Important facts about drowsy driving
With as much that is said about drunk driving and distracted driving, it’s pretty obvious that both of these are dangerous. However, the notion of drowsy driving does not get the same type of attention…even though it should. After all, the National Highway Traffic Safety Administration reports that 1,550 people are killed in accidents each year caused by drowsy driving. These crashes also result in 71,000 injuries and $12.5 billion lost each year.
Because of this, it is imperative that drivers use reasonable care behind the wheel so that they can avoid crashes caused by drowsy driving. Unlike drunk driving, drowsy driving, by itself, may not be against the law in Florida, but the hazards that come about are certainly just as dangerous.

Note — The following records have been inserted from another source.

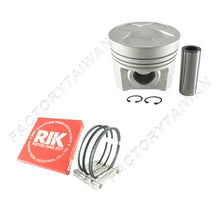 Load image into Gallery viewer, Piston + Ring Kit Set for KUBOTA V3300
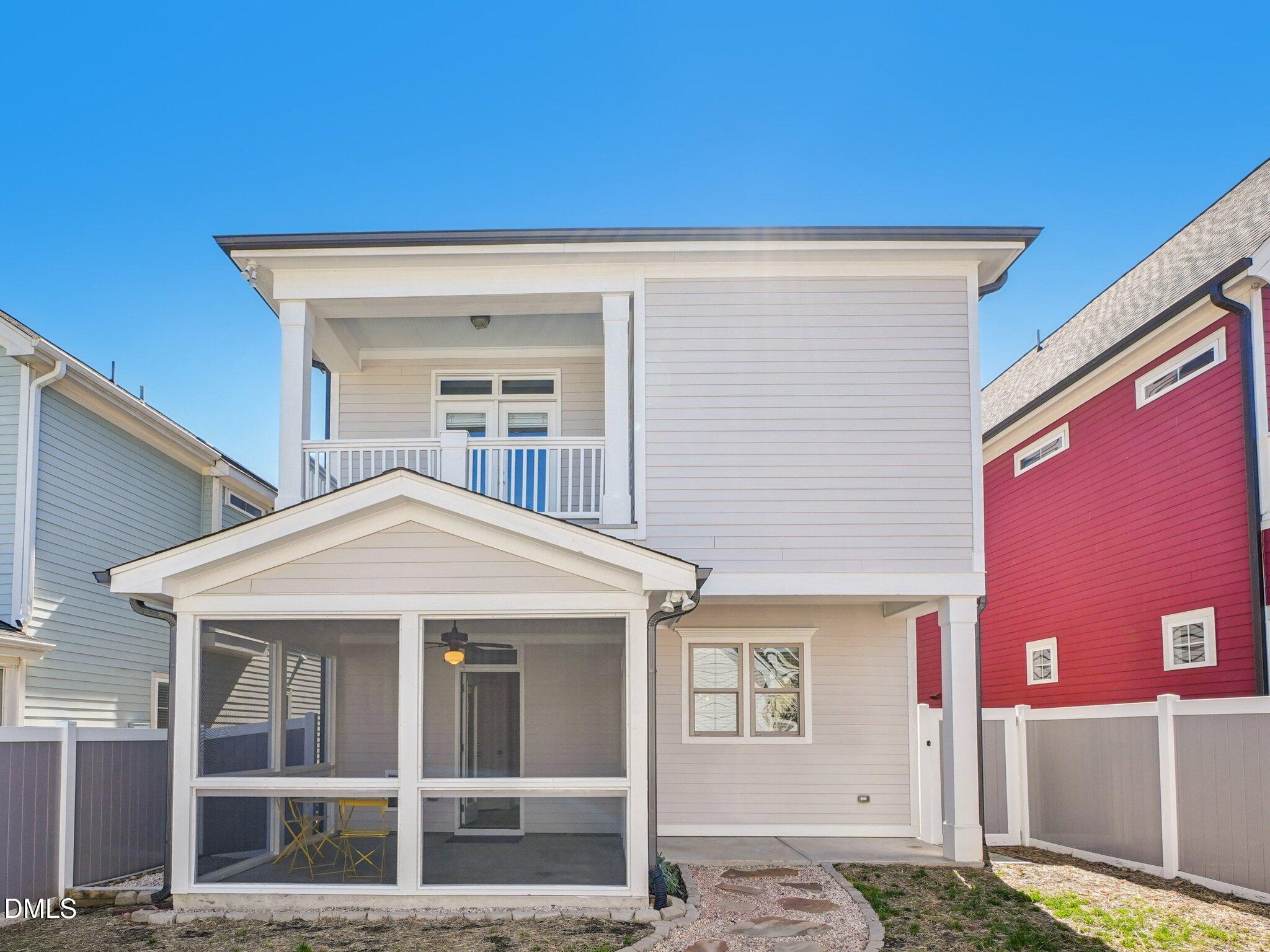 18 Monarch Trail Chapel Hill NC 27516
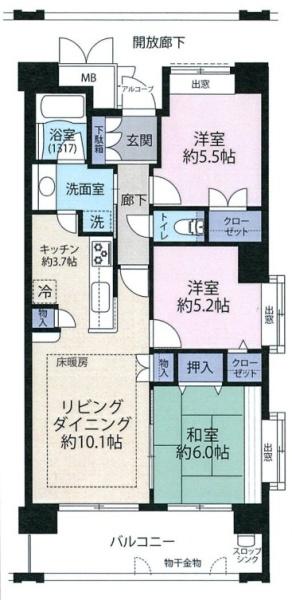 アステールふじみ野イーステーション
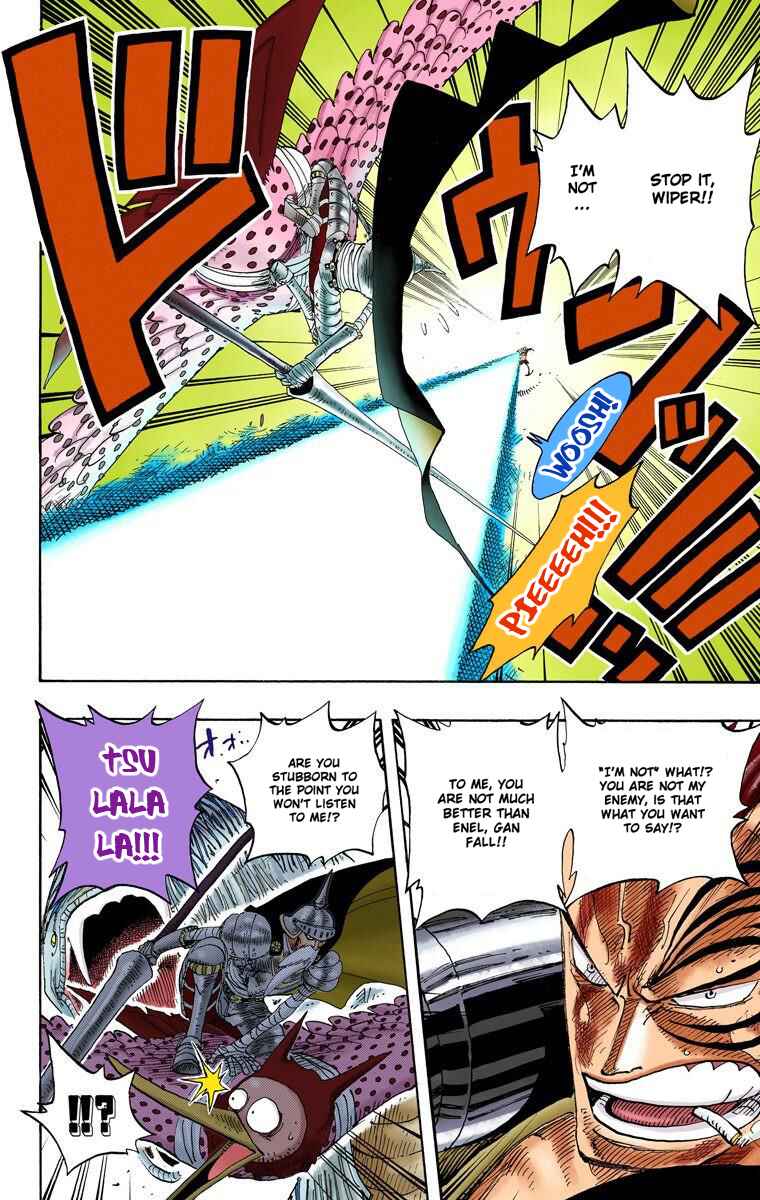 One Piece (Official Colored) Chapter 269 page 7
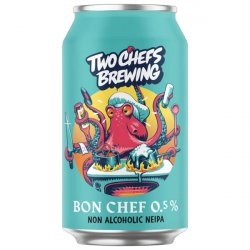 Two Chefs Brewing Bon Chef 0.5%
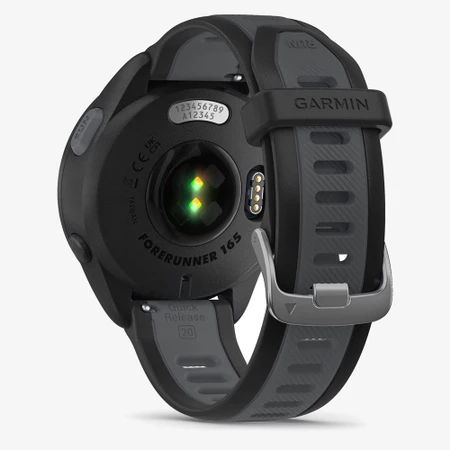 Garmin Forerunner 165 Music in Black/Slate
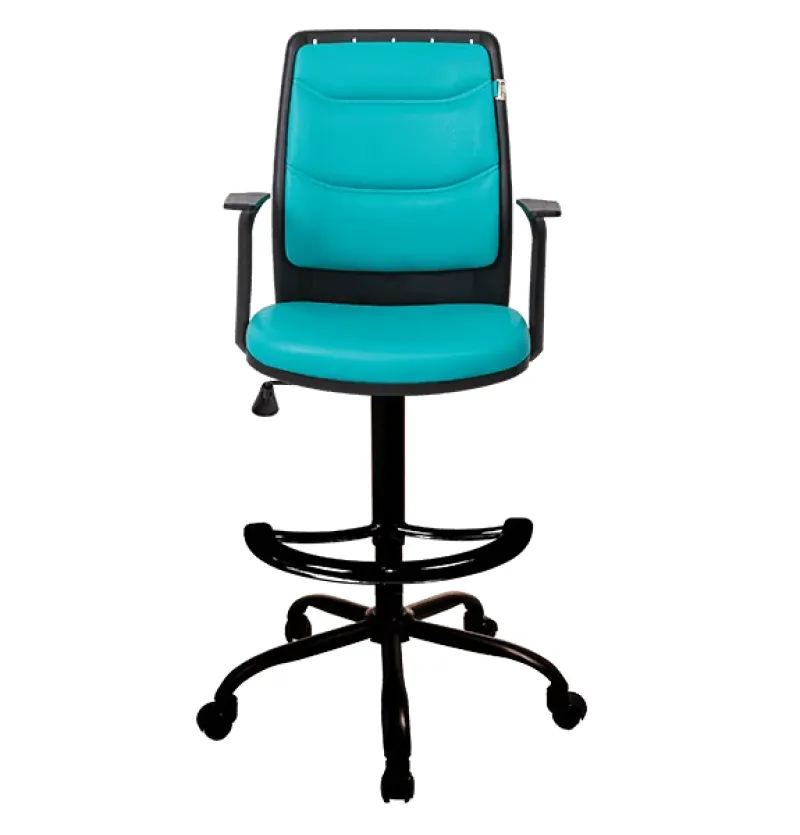 صندلی کانتر و نقشه کشی راحتیران کد : F645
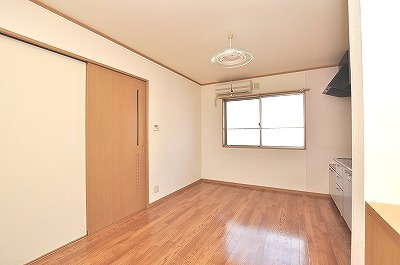 Living and room. Living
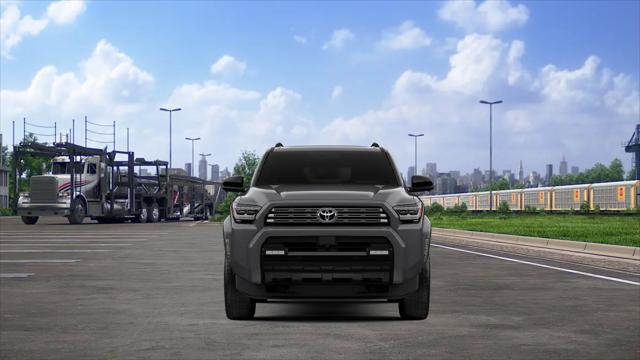 2026 Toyota 4Runner Platinum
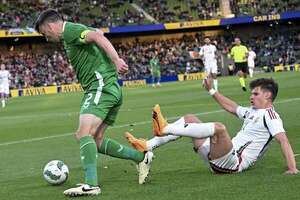 Irlanda sorprende a Hungría - Fútbol Internacional - ABC Color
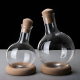 Glass Jug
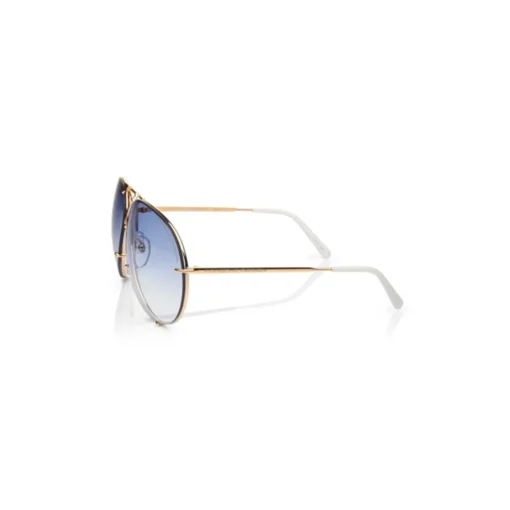 Porsche Design - P´8478 Sunglasses - Yellow Gold White - Eyewear - Avvenice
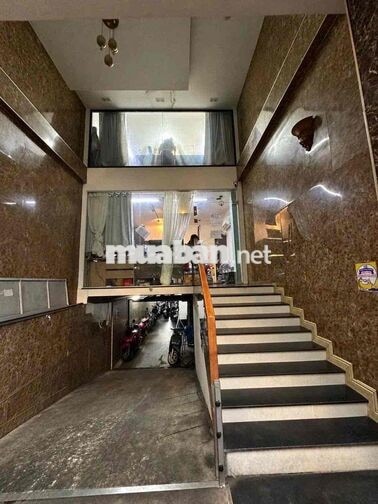 Giá: 50 triệu  Cho Thuê Nhà Mặt Tiền Tại Tạ Quang Bửu, Phường 4, Quận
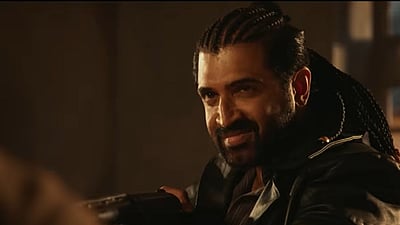 ஓடிடியில் வெளியான அருண் விஜய்யின் ரெட்ட தல!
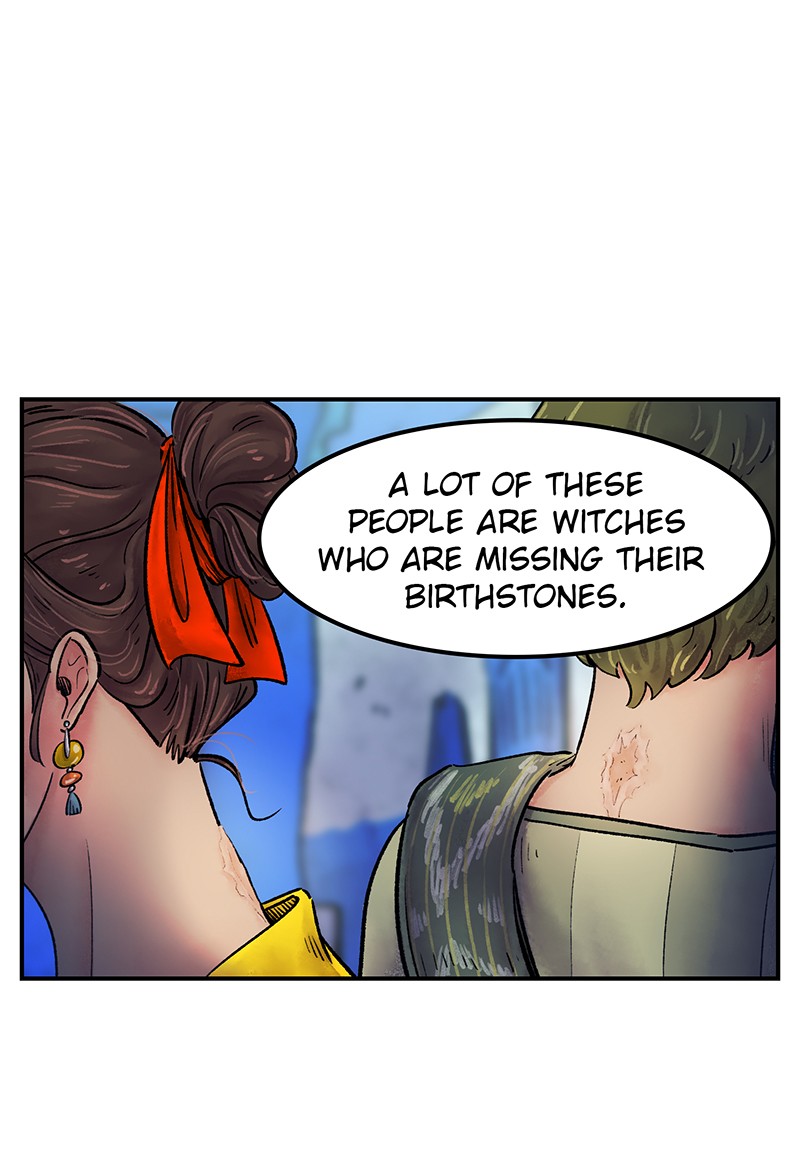 The Witch and The Bull Chapter 11 - page 7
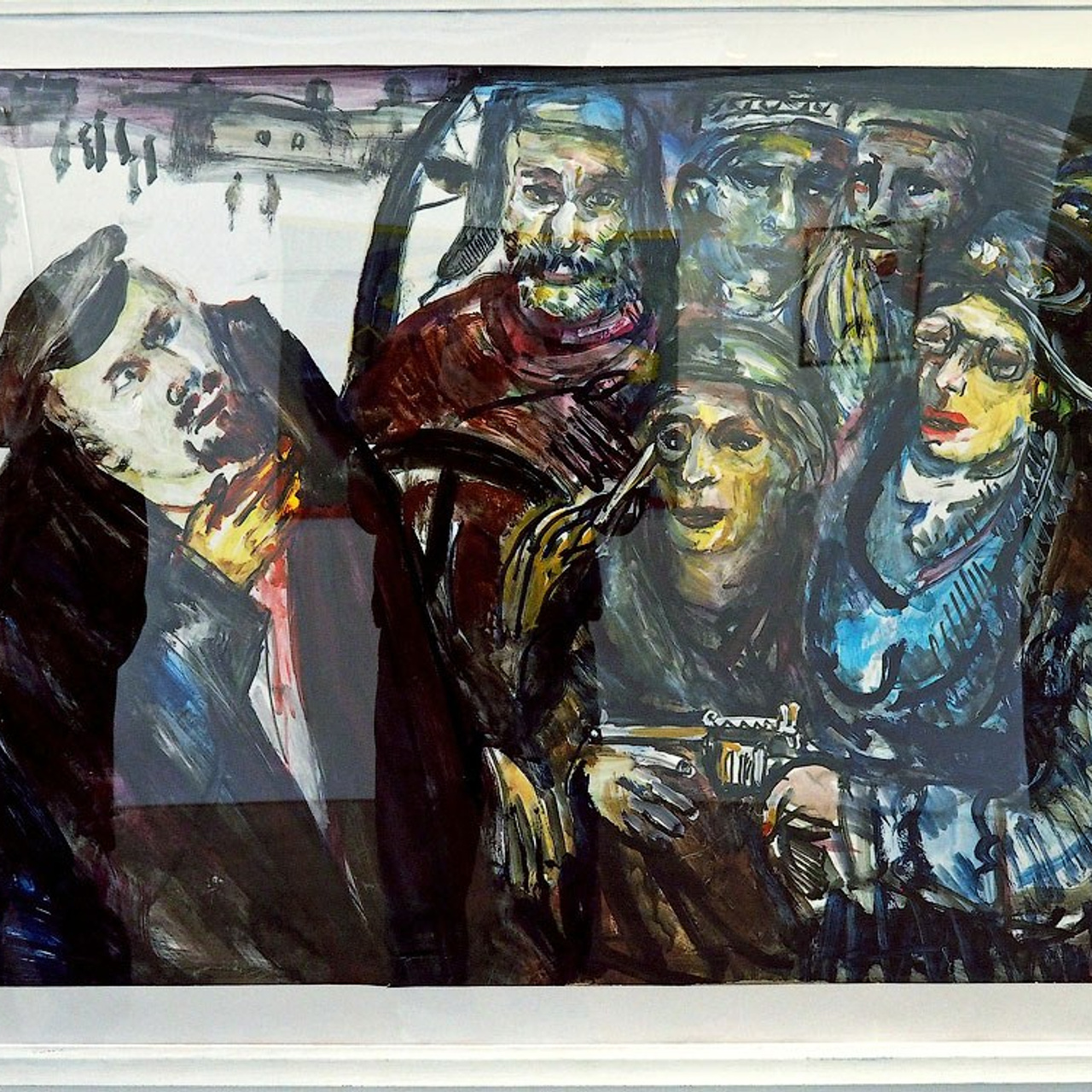 «100 лет без Ленина»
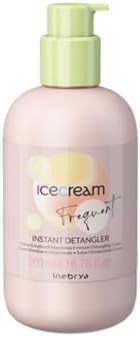 Alternative view of Inebrya Ice Cream Frequent Detangler Dolaşık Açıcı Krem 200 ml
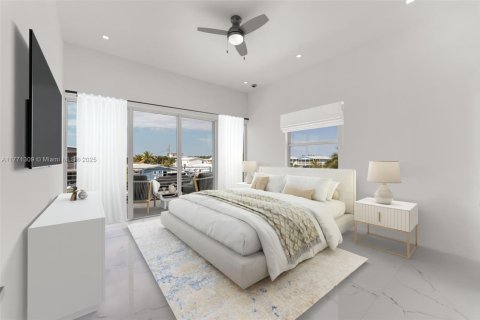 Купить виллу или дом в Ки-Ларго, Флорида 4 спальни, № 1960969 - фото 8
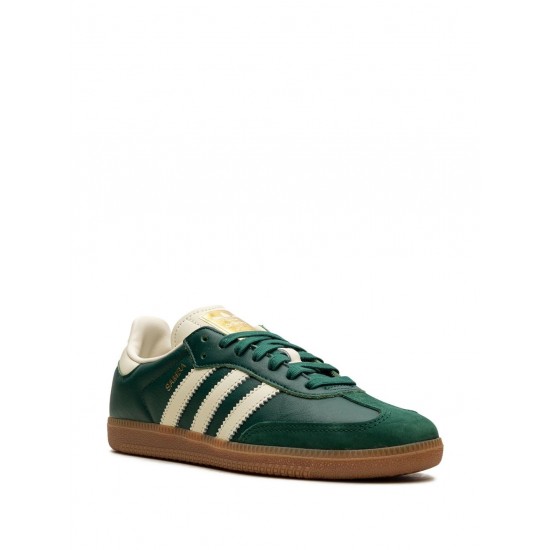 Adidas Samba OG Collegiate Green sneakers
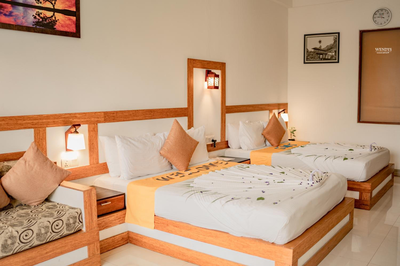 G.M.T.SORABORA VILLAGE HOTEL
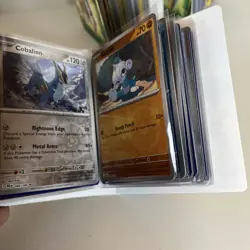 Pokemon Card Lot (180) All Halos - Image 2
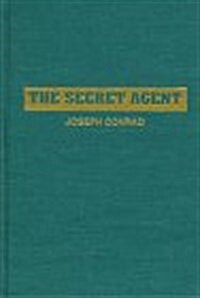 Secret Agent (Hardcover)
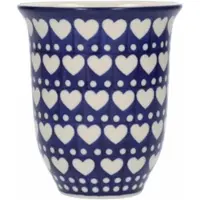 Bunzlau Castle Mok Tulp Blue Valentine (500 ml)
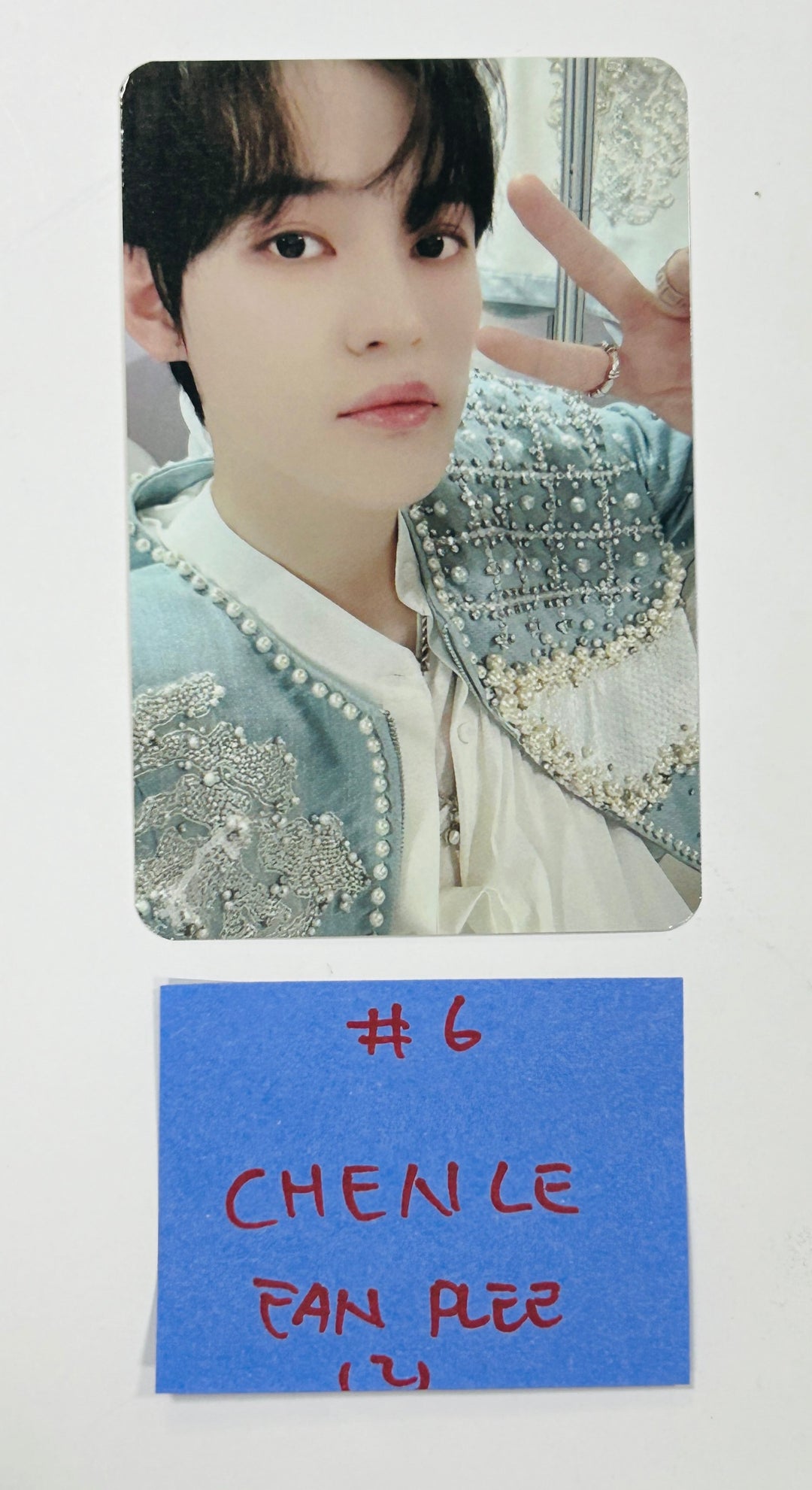 NCT DREAM "DREAM( )SCAPE" - Fanplee Pre-Order Benefit Photocard [24.4.17] - HALLYUSUPERSTORE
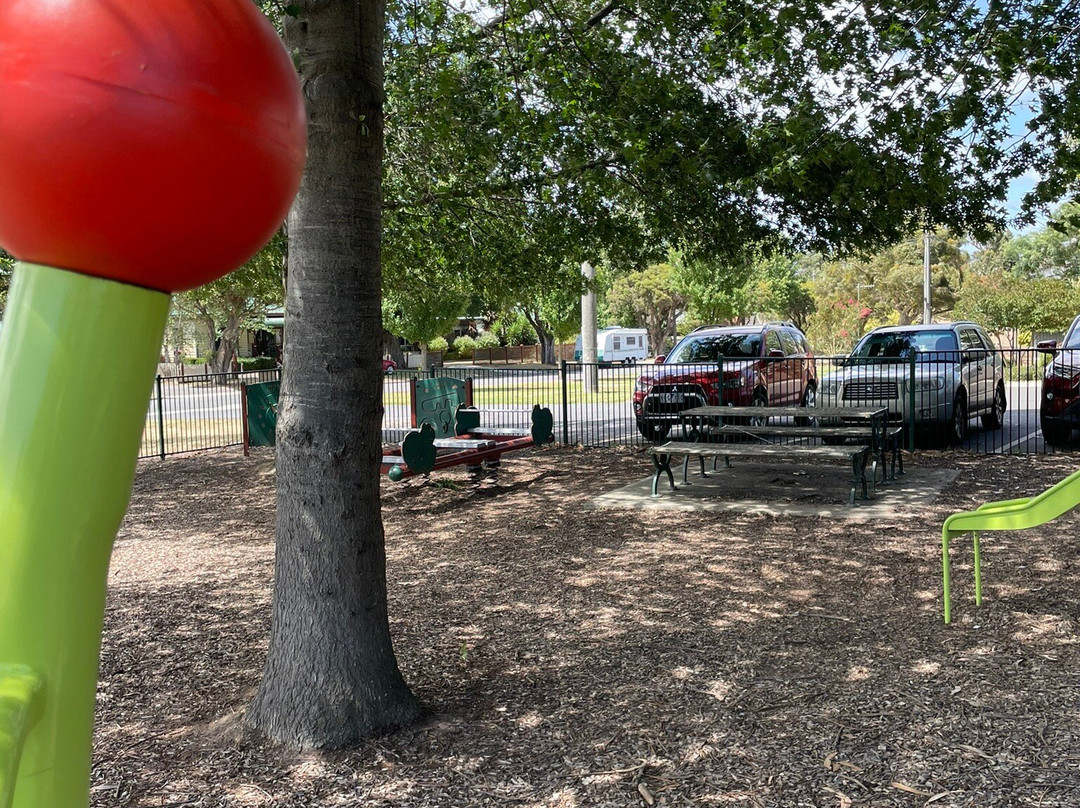 Cropley Street Playground景点图片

The NHTSA also indicates that young drivers aged 18 and 29 were most likely to drive while tired. Men were more likely to drive while drowsy than women, and men were also more likely to fall asleep behind the wheel. People with children were more likely to drive drowsy that those without kids.
Further, those who work shift hours are more likely to drive while tired than those who are salaried. Even more telling, a person who had been awake more than 17 hours would be impaired in the same way a person with a .05 BAC would. A person going without sleep for 24 hours would be impaired in a way similar to a person with a .10 BAC.
Given how dangerous we know drunk drivers can be, it is imperative to treat drowsy driving with the same vigilance.